#### [EXERCISE DIRECTIONS]
Your task is to copy the stretch of lines in the records below that begins with the line containing "CLOSE-UP OF COFFEE CUP AND GLASS ON TABLE" and ends with the line containing "clothes washing area", exactly as written, with nothing added.

#### [EXTRACTED RECORDS]
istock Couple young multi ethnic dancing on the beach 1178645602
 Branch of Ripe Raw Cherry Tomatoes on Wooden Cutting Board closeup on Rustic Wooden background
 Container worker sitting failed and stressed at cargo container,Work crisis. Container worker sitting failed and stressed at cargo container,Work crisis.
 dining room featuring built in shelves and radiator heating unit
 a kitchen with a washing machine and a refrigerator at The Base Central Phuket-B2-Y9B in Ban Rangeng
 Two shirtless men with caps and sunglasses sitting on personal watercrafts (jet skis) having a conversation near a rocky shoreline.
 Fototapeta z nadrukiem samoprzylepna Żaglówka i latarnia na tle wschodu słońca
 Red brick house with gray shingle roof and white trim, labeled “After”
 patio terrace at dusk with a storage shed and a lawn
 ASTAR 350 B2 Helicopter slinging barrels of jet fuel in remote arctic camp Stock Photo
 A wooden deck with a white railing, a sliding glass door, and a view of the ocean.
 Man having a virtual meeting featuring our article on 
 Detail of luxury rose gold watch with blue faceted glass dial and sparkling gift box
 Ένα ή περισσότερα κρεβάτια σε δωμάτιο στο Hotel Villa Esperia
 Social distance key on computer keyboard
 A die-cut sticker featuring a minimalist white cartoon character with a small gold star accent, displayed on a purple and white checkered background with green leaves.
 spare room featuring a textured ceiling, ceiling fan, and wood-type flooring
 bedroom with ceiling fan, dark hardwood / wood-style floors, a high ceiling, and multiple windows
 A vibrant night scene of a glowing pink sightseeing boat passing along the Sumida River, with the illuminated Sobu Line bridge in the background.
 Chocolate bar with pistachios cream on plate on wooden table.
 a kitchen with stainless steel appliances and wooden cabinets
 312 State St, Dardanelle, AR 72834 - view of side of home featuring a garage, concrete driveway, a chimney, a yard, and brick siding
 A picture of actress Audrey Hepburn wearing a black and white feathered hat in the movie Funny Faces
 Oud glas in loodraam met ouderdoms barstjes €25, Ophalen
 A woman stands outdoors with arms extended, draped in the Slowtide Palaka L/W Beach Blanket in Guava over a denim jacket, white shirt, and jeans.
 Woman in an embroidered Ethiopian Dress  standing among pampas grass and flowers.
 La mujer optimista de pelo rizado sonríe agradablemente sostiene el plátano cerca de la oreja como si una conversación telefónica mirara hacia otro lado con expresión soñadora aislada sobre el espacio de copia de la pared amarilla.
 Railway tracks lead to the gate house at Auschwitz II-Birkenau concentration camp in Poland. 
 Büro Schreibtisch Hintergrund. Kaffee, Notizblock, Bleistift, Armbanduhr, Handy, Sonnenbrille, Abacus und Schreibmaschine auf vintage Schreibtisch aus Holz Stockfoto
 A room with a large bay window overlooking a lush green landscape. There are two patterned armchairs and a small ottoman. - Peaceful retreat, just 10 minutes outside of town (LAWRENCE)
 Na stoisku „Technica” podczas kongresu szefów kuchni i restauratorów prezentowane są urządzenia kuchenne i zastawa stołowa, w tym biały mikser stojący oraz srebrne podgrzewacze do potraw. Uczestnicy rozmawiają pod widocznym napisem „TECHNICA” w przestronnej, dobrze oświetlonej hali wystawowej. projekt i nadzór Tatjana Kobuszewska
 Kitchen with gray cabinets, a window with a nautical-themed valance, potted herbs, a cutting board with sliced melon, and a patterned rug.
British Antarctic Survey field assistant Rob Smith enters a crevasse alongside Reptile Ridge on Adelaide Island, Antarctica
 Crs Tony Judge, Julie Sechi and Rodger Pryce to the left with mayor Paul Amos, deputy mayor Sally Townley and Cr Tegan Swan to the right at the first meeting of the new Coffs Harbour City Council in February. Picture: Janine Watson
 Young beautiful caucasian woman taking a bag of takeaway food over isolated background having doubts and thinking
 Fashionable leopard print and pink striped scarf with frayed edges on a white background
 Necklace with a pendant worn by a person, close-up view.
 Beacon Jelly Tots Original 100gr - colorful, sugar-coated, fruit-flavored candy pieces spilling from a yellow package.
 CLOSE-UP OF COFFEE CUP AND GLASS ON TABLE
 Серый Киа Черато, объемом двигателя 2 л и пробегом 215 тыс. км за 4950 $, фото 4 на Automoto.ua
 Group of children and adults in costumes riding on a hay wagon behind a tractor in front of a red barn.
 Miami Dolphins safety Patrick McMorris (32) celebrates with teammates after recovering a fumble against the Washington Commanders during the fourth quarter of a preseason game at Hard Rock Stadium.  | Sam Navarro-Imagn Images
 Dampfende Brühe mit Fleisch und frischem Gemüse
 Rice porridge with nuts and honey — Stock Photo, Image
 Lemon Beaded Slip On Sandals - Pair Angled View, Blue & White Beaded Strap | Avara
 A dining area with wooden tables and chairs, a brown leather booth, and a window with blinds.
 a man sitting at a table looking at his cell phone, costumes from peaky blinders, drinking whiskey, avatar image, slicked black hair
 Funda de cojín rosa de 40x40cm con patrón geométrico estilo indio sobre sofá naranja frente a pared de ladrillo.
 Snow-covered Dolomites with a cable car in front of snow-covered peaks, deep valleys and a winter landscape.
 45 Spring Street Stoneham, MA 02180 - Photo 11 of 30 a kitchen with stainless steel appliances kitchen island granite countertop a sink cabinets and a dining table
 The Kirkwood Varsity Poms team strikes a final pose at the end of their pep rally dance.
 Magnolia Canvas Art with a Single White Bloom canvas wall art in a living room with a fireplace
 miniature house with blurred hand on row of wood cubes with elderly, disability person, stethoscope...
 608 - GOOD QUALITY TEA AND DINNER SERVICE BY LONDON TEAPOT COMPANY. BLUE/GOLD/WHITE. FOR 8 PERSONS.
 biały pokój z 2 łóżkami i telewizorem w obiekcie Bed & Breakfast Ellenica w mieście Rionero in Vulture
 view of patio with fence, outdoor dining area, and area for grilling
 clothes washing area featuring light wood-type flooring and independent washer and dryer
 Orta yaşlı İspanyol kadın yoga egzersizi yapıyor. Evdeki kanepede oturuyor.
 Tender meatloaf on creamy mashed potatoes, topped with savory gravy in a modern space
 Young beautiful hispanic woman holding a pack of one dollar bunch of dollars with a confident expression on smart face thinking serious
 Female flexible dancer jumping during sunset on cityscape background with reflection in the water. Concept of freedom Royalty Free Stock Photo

#### [TASK RESULT]
 CLOSE-UP OF COFFEE CUP AND GLASS ON TABLE
 Серый Киа Черато, объемом двигателя 2 л и пробегом 215 тыс. км за 4950 $, фото 4 на Automoto.ua
 Group of children and adults in costumes riding on a hay wagon behind a tractor in front of a red barn.
 Miami Dolphins safety Patrick McMorris (32) celebrates with teammates after recovering a fumble against the Washington Commanders during the fourth quarter of a preseason game at Hard Rock Stadium.  | Sam Navarro-Imagn Images
 Dampfende Brühe mit Fleisch und frischem Gemüse
 Rice porridge with nuts and honey — Stock Photo, Image
 Lemon Beaded Slip On Sandals - Pair Angled View, Blue & White Beaded Strap | Avara
 A dining area with wooden tables and chairs, a brown leather booth, and a window with blinds.
 a man sitting at a table looking at his cell phone, costumes from peaky blinders, drinking whiskey, avatar image, slicked black hair
 Funda de cojín rosa de 40x40cm con patrón geométrico estilo indio sobre sofá naranja frente a pared de ladrillo.
 Snow-covered Dolomites with a cable car in front of snow-covered peaks, deep valleys and a winter landscape.
 45 Spring Street Stoneham, MA 02180 - Photo 11 of 30 a kitchen with stainless steel appliances kitchen island granite countertop a sink cabinets and a dining table
 The Kirkwood Varsity Poms team strikes a final pose at the end of their pep rally dance.
 Magnolia Canvas Art with a Single White Bloom canvas wall art in a living room with a fireplace
 miniature house with blurred hand on row of wood cubes with elderly, disability person, stethoscope...
 608 - GOOD QUALITY TEA AND DINNER SERVICE BY LONDON TEAPOT COMPANY. BLUE/GOLD/WHITE. FOR 8 PERSONS.
 biały pokój z 2 łóżkami i telewizorem w obiekcie Bed & Breakfast Ellenica w mieście Rionero in Vulture
 view of patio with fence, outdoor dining area, and area for grilling
 clothes washing area featuring light wood-type flooring and independent washer and dryer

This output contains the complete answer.